Task: The output is the line holding "this 1024×768 image." and all lines after it to the end of the records below; restate them unchanged and add nothing.

= = = = =

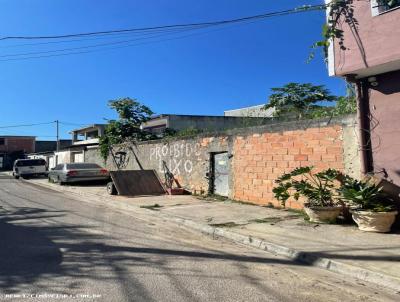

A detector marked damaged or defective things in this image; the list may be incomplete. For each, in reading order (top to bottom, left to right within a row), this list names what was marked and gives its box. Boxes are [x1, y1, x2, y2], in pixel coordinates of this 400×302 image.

rusty metal sheet [109, 170, 166, 196]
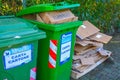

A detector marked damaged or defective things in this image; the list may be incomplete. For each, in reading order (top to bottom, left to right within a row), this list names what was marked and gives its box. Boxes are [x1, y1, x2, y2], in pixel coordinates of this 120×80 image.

torn cardboard flap [76, 20, 100, 39]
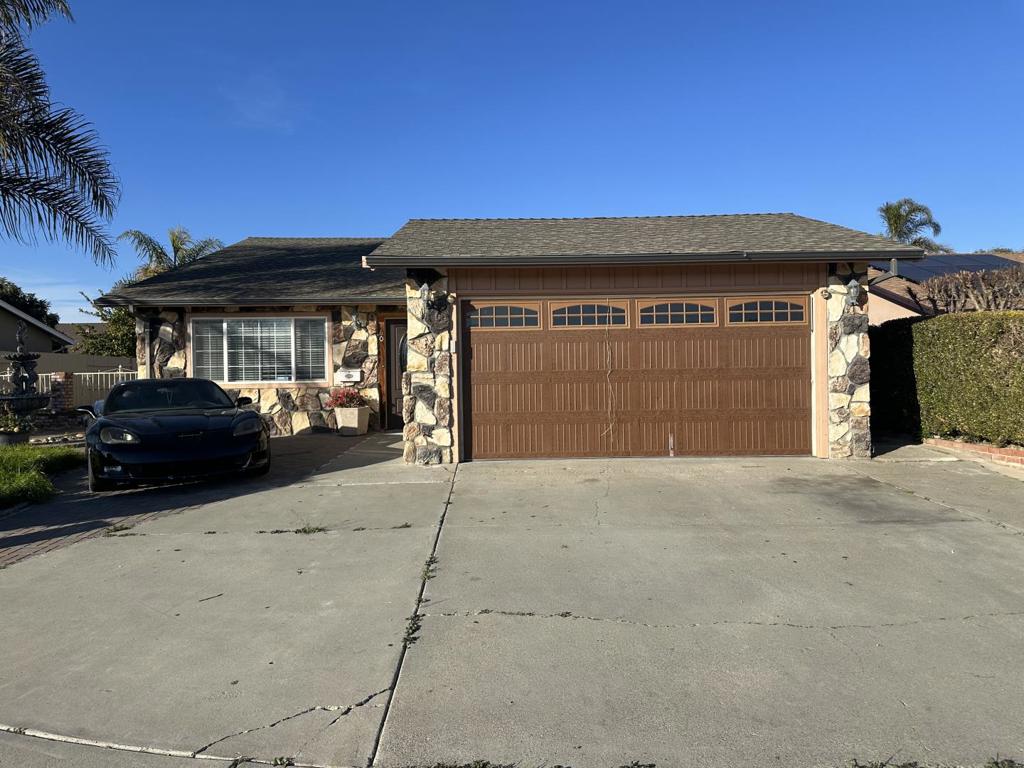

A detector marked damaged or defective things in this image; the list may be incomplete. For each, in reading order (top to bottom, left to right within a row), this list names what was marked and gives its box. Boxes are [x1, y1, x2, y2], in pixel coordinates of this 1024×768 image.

crack in driveway [421, 610, 1024, 634]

= = = = =

Completed task:
A detector marked damaged or defective things in this image; the list may be incomplete. For each, in reading order (top to bottom, left to right within a row), this list names what was marked and gives its box. Boxes are [x1, y1, x2, y2], in pixel coordinates of this 1024×768 image.

crack in driveway [421, 610, 1024, 634]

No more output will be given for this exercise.